Not quite. Continuity can only be defined where the function is defined. I.e. on its domain. Outside of its domain, where the function is not defined, it has no properties.

So to make it discontinuous we should explicitly define a piecewise function like: f(x)=ln(x) for x>0 and f(x)=0 for x≤0? It is not enough to say "consider ln(x) over whole R" then, right?

 

[fresh_42]

So to make it discontinuous we should explicitly define a piecewise function like: f(x)=ln(x) for x>0 and f(x)=0 for x≤0? It is not enough to say "consider ln(x) over whole R" then, right?

@PeroK's answer was a bit sloppy, I think.
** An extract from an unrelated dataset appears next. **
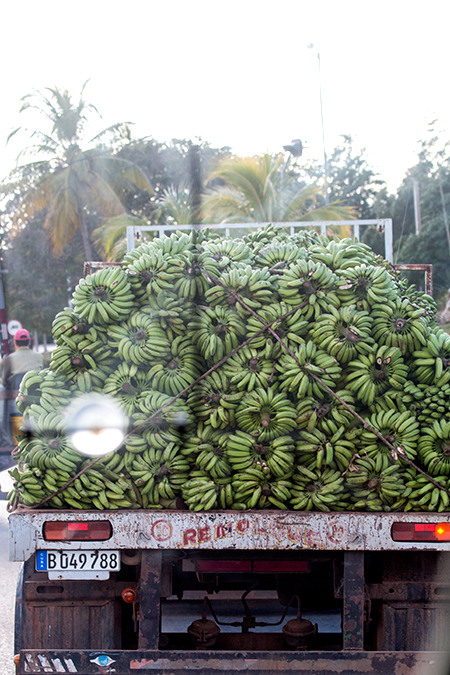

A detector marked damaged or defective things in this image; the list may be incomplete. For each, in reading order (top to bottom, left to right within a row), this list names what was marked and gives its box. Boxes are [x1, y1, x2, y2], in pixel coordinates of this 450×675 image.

It is simply arduous to talk about points that are undefined and not bordering the domain. That rules out the negative numbers in that case, but not necessarily $0.$ We need (open) neighborhoods of function values so that the term continuity makes sense. No function values, no neighborhoods. We don't have function values at $\log(-|x|)$ but we have function values at $\log n^{-1}$ so that it's legitimate to ask what happens at the limit.

 

[PeroK]

@PeroK's answer was a bit sloppy, I think. It is simply arduous to talk about points that are undefined and not bordering the domain. That rules out the negative numbers in that case, but not necessarily $0.$ We need (open) neighborhoods of function values so that the term continuity makes sense. No function values, no neighborhoods. We don't have function values at $\log(-|x|)$ but we have function values at $\log n^{-1}$ so that it's legitimate to ask what happens at the limit.

You can ask what happens at the limit. In this case, the function tends to $-\infty$.

The definition of continuity at a point is clear. The point must be in the domain to be considered. You can either treat points outside the domain as undefined. Or, treat them all as discontinuities. There's nothing in the definition of continuity that allows you to choose specific points outside the domain over others.

 

[Infrared]

The definition of continuity at a point is clear. The point must be in the domain to be considered. You can either treat points outside the domain as undefined. Or, treat them all as discontinuities. There's nothing in the definition of continuity that allows you to choose specific points outside the domain over others.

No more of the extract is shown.